Everyone needs to focus on the risk management aspects of Medicare, but no one seems to want to do so. Is it that they just don’t understand the concept?

“It’s not terribly hard to see why. Like it or not, US politics runs on money. Traditional Medicare (TM) doesn’t have any to lend in service of political campaigns or campaign issues. Insurance companies and those who work for and profit from them do. Sure, beneficiary groups like AARP could be a powerful force in support of TM, but I don’t think they’re any match for health insurers.”

The notion that the trillions of dollars of money funnelled through traditional medicare isn’t distorted in ways that are calculated to advance the political fortunes and ideological committments of the people who control the purse strings is hard to square with the empirical record and pretty much all of public choice theory. To those who object to this claim I say, let’s start with John Murtha International airport, take a tour through the corn ethanol program, and then move onto the defense appropriations process.
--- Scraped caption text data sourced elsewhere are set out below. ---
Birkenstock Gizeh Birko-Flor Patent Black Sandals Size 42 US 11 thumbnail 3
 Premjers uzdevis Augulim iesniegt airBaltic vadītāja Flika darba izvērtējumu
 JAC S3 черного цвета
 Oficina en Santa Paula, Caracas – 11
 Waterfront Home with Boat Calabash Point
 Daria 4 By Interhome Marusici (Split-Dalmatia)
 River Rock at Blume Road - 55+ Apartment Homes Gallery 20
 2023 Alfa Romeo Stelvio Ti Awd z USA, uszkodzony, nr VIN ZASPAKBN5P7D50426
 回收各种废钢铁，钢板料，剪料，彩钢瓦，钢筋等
The reality is that it’s just as likely that people who want everything from an expanded role for government in the health sector to a full-on Canadian style single payer regime for ideological or political reasons would do everything in their power to rig the game against private particpants – and they have an inexhaustible warchest worth hundreds of billions of dollars per year *and* the capacity to engage in intimidation through regulation on their side.

Here in Switzerland it is easy (maybe too easy) to change plans once each year. Organizations poll beneficiaries about perceived quality of the customer experience, and publish the results widely, especially during the open enrollment period.

If a plan is aggressive about denying claims, or pays bills late, or has opaque billing statements, these facts quickly become known, and people vote with their feet. Since insurers are selected by individuals and not by companies, this phenomenon includes virtually the entire population.

I sometimes think it is too easy to change plans. Some customers change plans every year, chasing the lowest possible premium (with decent quality). Such frequent changes have to add to administrative costs, and a period of bad luck with claims experience can put smaller insurers into a financial crunch.

Apologies to those whose comments I did not include. Nothing personal.